Bref, on trouve Jean-Baptiste quelque peu ennuyeux par ses appels incessants à la repentance, trop violent dans ses paroles, un peu trop pesant, et l’on passe ainsi à côté de l’essentiel de son message, à savoir qu’avec Jésus de Nazareth, « le Royaume de Dieu s’est approché ! »

Vous me direz que c’est une parole bien difficile à entendre, hier comme aujourd’hui.

Hier en Palestine, avec le peuple juif opprimé par l’empire romain qui gouvernait d’une main de fer, par roitelets interposés, et levait force impôts par l’intermédiaire des publicains.

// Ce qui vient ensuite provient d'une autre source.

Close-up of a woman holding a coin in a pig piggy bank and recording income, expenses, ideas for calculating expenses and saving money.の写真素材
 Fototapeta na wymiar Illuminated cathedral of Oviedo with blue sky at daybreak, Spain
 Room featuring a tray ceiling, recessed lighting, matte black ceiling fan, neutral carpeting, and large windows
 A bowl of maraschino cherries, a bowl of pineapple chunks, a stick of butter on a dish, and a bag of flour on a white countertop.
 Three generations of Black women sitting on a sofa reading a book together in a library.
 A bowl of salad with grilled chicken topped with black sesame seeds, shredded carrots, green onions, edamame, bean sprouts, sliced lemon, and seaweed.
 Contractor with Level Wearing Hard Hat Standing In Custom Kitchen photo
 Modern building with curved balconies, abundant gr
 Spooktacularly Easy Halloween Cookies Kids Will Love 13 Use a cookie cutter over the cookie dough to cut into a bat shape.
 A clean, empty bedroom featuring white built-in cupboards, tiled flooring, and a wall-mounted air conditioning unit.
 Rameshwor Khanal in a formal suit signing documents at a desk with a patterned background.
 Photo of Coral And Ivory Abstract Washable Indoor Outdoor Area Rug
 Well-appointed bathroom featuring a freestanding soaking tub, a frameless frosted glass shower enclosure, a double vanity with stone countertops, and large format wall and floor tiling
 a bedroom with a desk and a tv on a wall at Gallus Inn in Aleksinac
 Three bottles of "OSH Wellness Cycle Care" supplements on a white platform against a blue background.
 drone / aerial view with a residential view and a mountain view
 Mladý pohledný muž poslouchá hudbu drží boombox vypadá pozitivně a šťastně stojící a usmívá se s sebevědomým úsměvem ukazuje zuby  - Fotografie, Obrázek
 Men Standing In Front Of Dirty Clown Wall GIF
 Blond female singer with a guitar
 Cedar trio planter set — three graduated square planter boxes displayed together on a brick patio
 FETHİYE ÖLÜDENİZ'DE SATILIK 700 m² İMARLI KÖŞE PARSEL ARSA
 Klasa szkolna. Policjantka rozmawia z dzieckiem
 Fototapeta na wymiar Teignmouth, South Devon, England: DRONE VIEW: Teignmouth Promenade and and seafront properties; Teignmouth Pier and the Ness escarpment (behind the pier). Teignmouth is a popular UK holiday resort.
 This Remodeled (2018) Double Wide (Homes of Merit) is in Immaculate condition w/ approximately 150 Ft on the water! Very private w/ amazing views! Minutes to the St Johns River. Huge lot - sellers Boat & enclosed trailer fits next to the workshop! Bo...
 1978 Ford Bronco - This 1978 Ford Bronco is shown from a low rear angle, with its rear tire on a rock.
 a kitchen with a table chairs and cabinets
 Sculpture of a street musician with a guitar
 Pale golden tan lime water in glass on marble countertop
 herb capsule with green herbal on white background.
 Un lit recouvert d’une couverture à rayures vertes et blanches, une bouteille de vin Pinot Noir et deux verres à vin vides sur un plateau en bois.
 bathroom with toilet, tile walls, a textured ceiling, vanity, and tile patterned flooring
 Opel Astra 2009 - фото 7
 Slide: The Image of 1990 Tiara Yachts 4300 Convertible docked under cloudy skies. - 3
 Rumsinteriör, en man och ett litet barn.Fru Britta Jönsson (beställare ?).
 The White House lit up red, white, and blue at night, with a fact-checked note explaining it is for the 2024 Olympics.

Un peuple juif donc profondément divisé sur le plan politique entre d’un côté les collaborateurs de la puissance occupante, et de l’autre les Zélotes préparant la résistance armée, sans oublier au milieu la traditionnelle grande masse des indécis.

Un peuple juif enfin profondément divisé sur le plan théologique, notamment entre d’un côté les Sadducéens rejetant l’idée de résurrection, et de l’autre les Pharisiens si soucieux de pureté et de respect de multiples rites, sans oublier une myriade de sectes, de prophètes, voire de messies autoproclamés.

Aujourd’hui dans notre village planétaire, avec ces guerres incessantes, les enfants esclaves, les femmes bafouées, les désastres écologiques, le développement de forces obscurantistes et fanatiques.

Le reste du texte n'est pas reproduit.